California’s Assault Weapon Ban Ruled Unconstitutional 

On Thursday, October 19, 2023, Federal Judge Roger T. Benitez issued a ruling in Miller v. Bonta. The case challenged California’s so-called “Assault Weapons” ban. Judge Benitez ruled the law was unconstitutional but stayed the ruling for 10 days to allow the State to appeal. This is a significant ruling as it struck down the law utilizing the latest U.S. Supreme Court tests brought in by New York State Rifle & Pistol Association (NYSRPA) v. Bruen. 

Of course, this isn’t the first time Judge Benitez has ruled on the Miller v. Bonita. He ruled the so-called “Assault Weapons” ban unconstitutional on June 4, 2021. It has been in appeals since that time and returned to him for reconsideration in light of NYSRPA v. Bruen.

The 79-page ruling is well written and concise, as all of Judge Benitez’s rulings have been. It precisely details how California’s laws do not past the text, history, and tradition test, nor any of the previous Supreme Court’s Second Amendment tests. He also refutes, at times brutally, some of the State’s experts, testimony, and evidence. 

The full ruling is linked below, and I encourage you to take the time to read it so you will understand not only the ruling, but what ‘logic’ the State of California is using against you. 

Here are a few significant quotes from the ruling: 

The California legislature, at a time in the past when the lower courts did not recognize an individual’s right to keep firearms and in a state that has no constitutional analogue to the Second Amendment, balanced that interest above and against its law-abiding citizens who wanted these firearms for self-defense.
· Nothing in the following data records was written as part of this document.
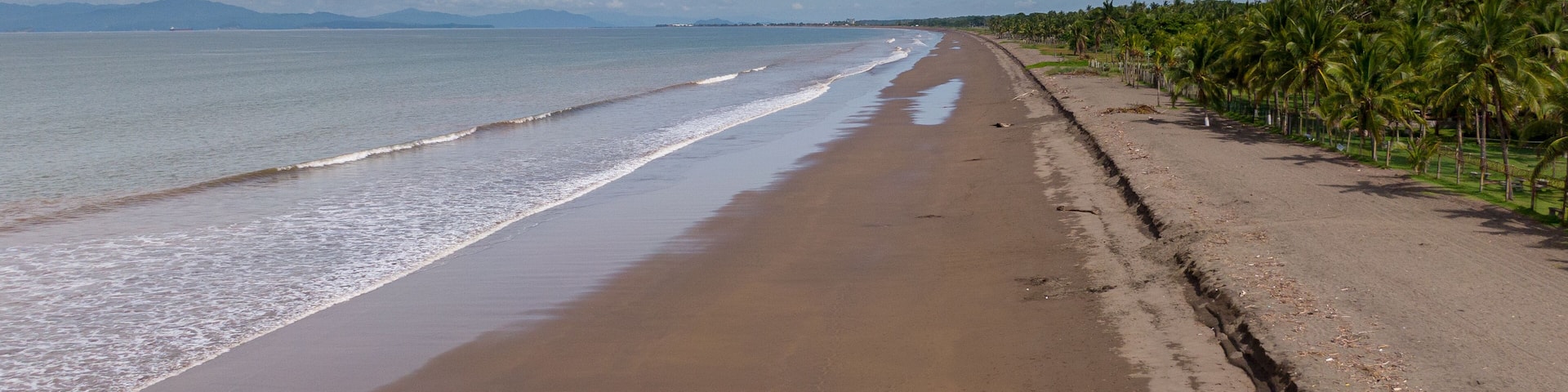 Beautiful aerial view of a empty beach due to the quarantine for Covid19, with a police car in Costa Rica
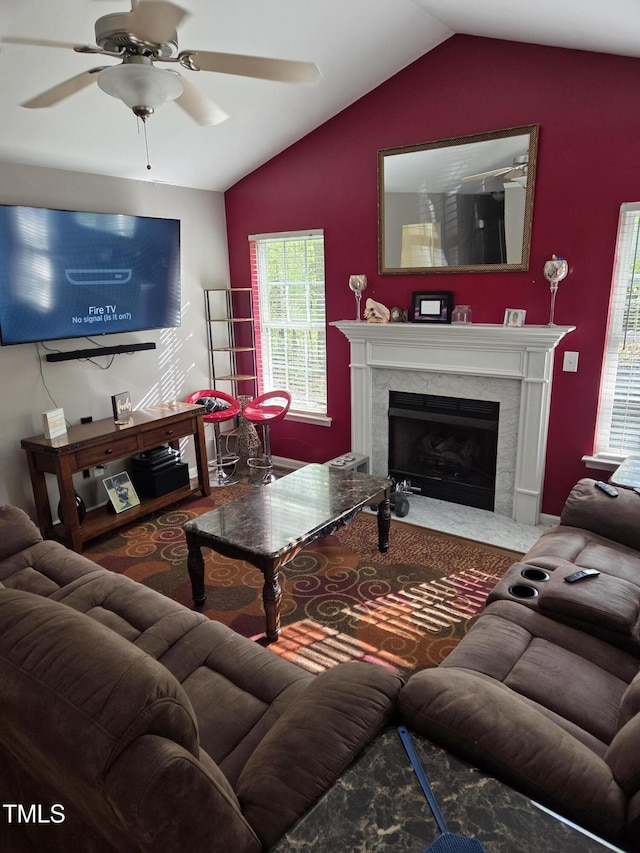 living area with lofted ceiling, a high end fireplace, a ceiling fan, and carpet floors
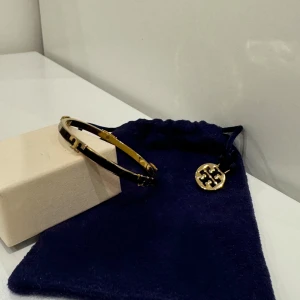 Tory Burch Svart & Guld Emaljerat Armband - Använd bara ett fåtal gånger!  Elegant svart och guld emaljerat armband med Tory Burch-logga. Ett mångsidigt tillbehör för alla garderober. • Svart och guld emalj • Tory Burch-logga • Hängslenstängning • Högkvalitativ finish • Lättviktsdesign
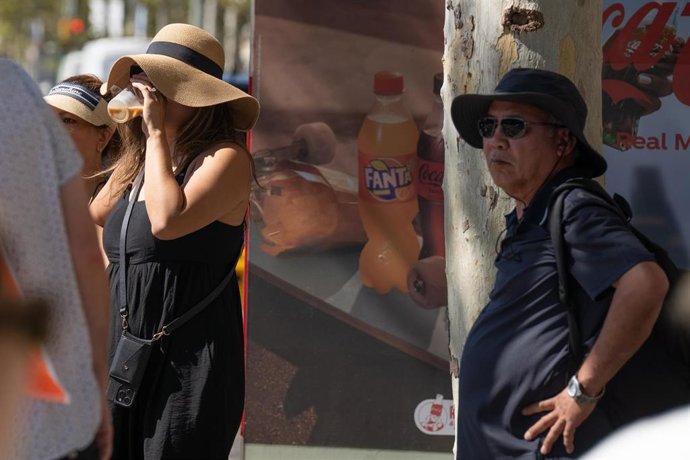 Archivo - Varias personas pasean por la ciudad, a 17 de julio de 2024, en Barcelona.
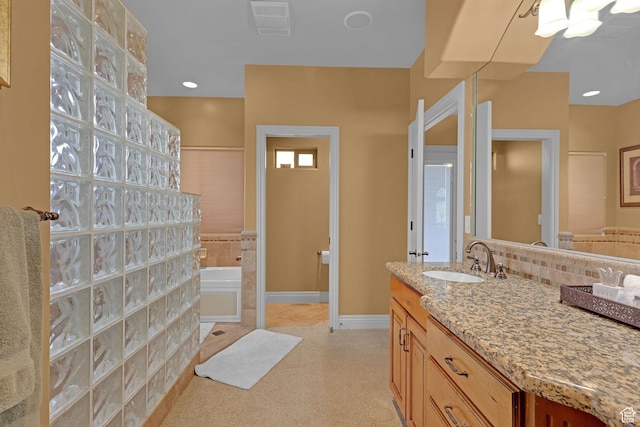 395 S 200 E, Willard, UT 84340 - bathroom with baseboards, vanity, and a bath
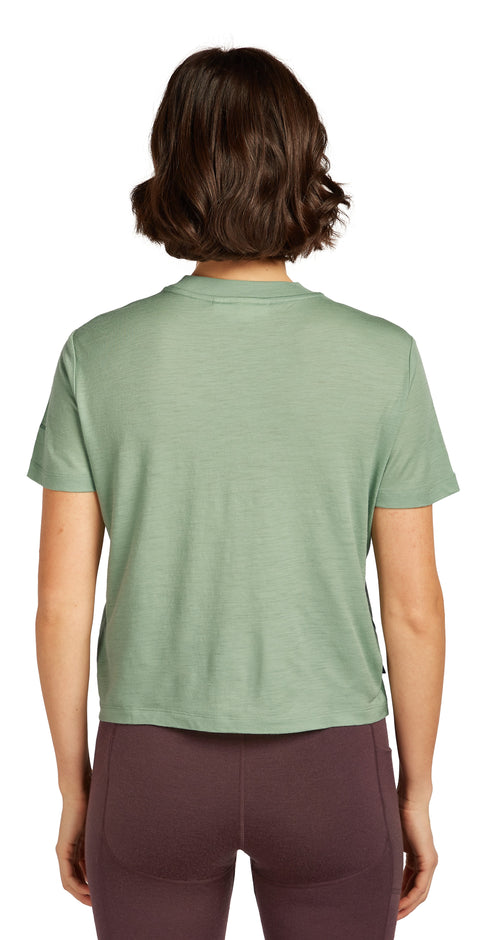 Person wearing a green T-shirt and maroon leggings, rear view.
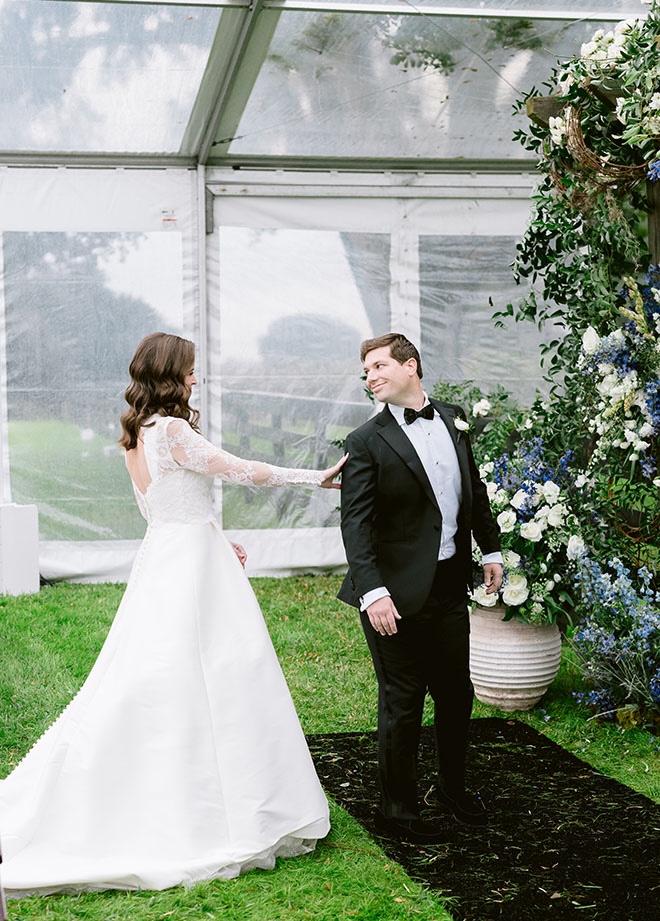 The bride taps the groom on his shoulder during their first look. 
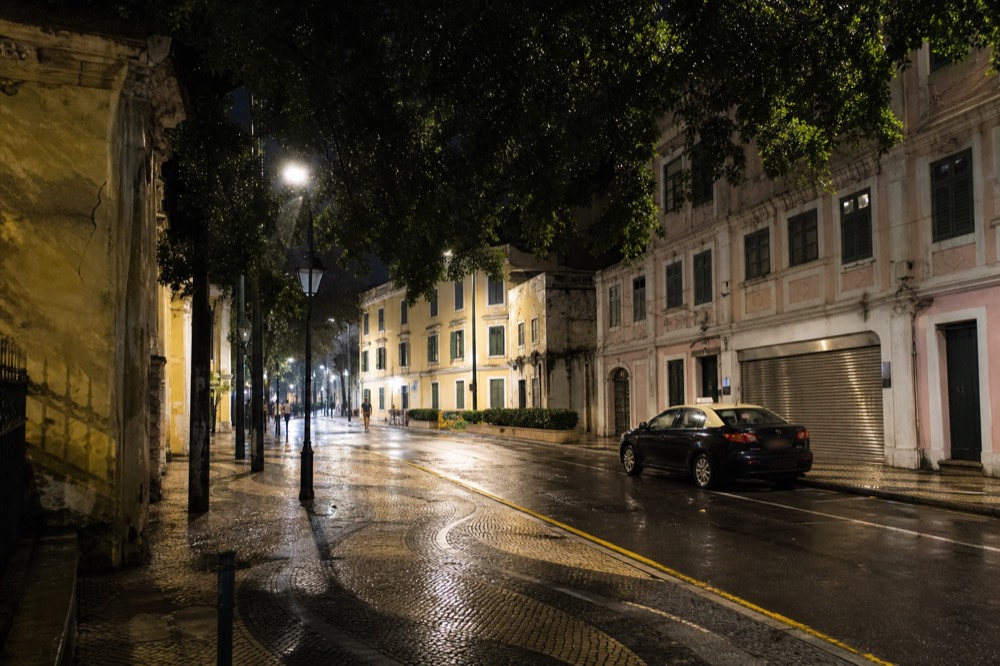Quiet lit street corner in the Macau peninsula historic quarter at night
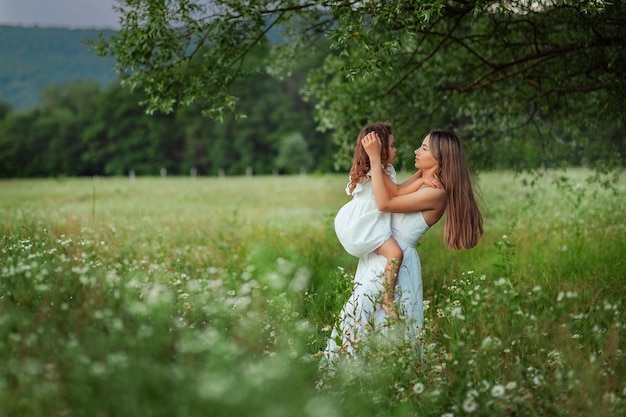 Красивая мама и ее маленькая дочь в белых платьях развлекаются на прогулке летом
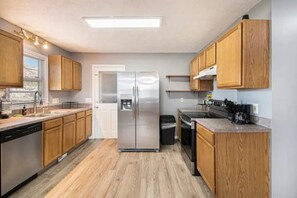 Fridge, microwave, oven, stovetop - Full home with private garage & fenced yard (Omaha)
However, among the American tradition of firearm ownership, there is nothing like California’s prohibition on rifles, shotguns, and handguns based on their looks or attributes. Here, the “assault weapon” prohibition has no historical pedigree and it is extreme.

The State says criminals already have and favor using guns described as “assault weapons.” Rather than being outgunned, many citizens want these same firearms as a defense against criminal attacks. Americans today own 24.4 million modern rifles (i.e., AR-15 platform and AK-47 platform rifles), according to the State’s expert. Of the AR-15 rifle owners surveyed, 61% said one reason they acquired their gun is for home defense. Consequently, while criminals already have these modern semiautomatics, the State prohibits its citizens from buying and possessing the same guns for self-defense. At the same time these firearms are commonly possessed by law-abiding gun owners elsewhere across the country. Guns for self-defense are needed a lot because crime happens a lot. A recent large-scale survey estimates that guns are needed defensively approximately 1,670,000 times a year.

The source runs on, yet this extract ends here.